--- Data below Enclosed Below ---

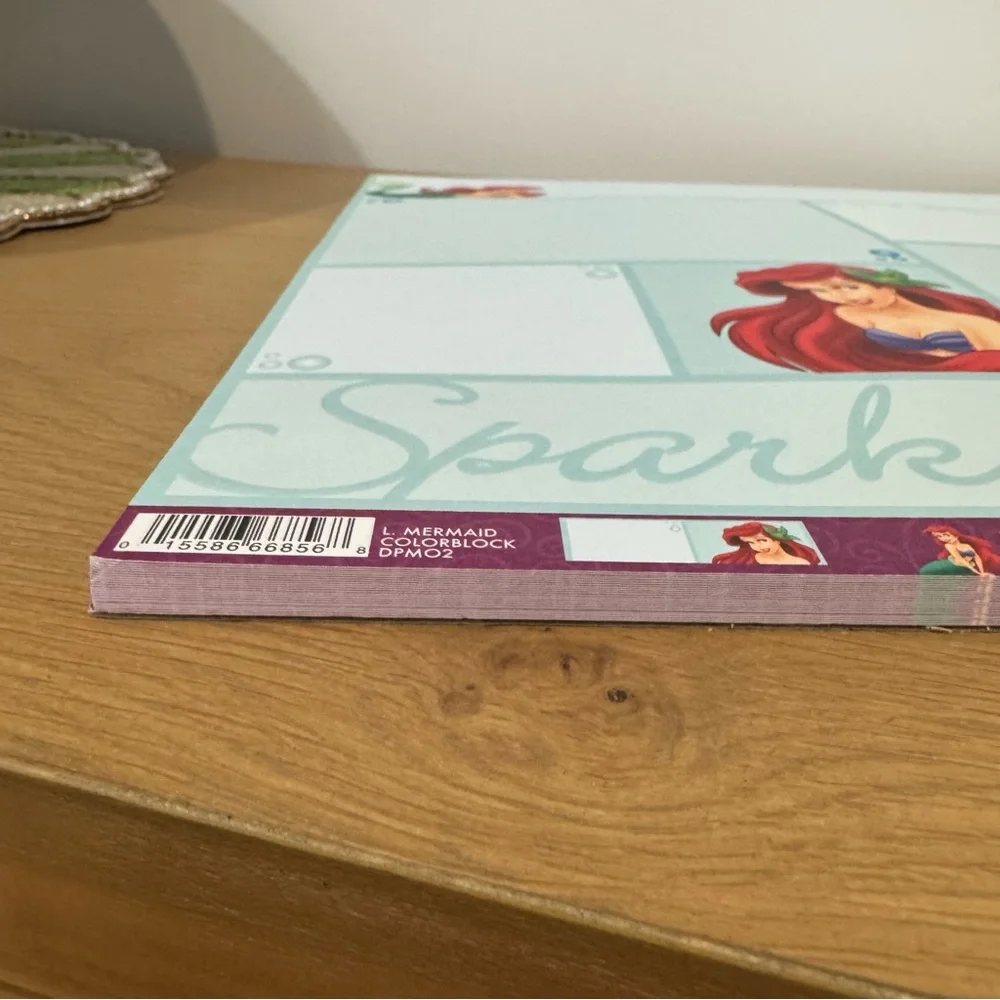 Vintage Disney Ariel Little Mermaid 12”x12” Scrapbook Paper Lot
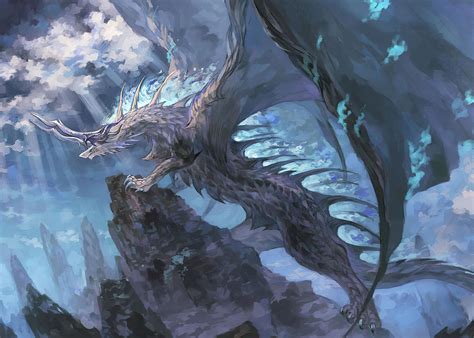 Dragon Dragon Wolf Digital Art By Towery Hill Pixels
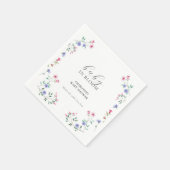 Baby in bloei | Eenvoudig Wildflower Baby shower Servet (Hoek)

--- End of Enclosed Data below ---

**Brief**
Would you set down, word for word, the lines running from the one that contains "Dragon Dragon Wolf" to the last line of the material, omitting all pictures?

**Finished task**
 Dragon Dragon Wolf Digital Art By Towery Hill Pixels
 Baby in bloei | Eenvoudig Wildflower Baby shower Servet (Hoek)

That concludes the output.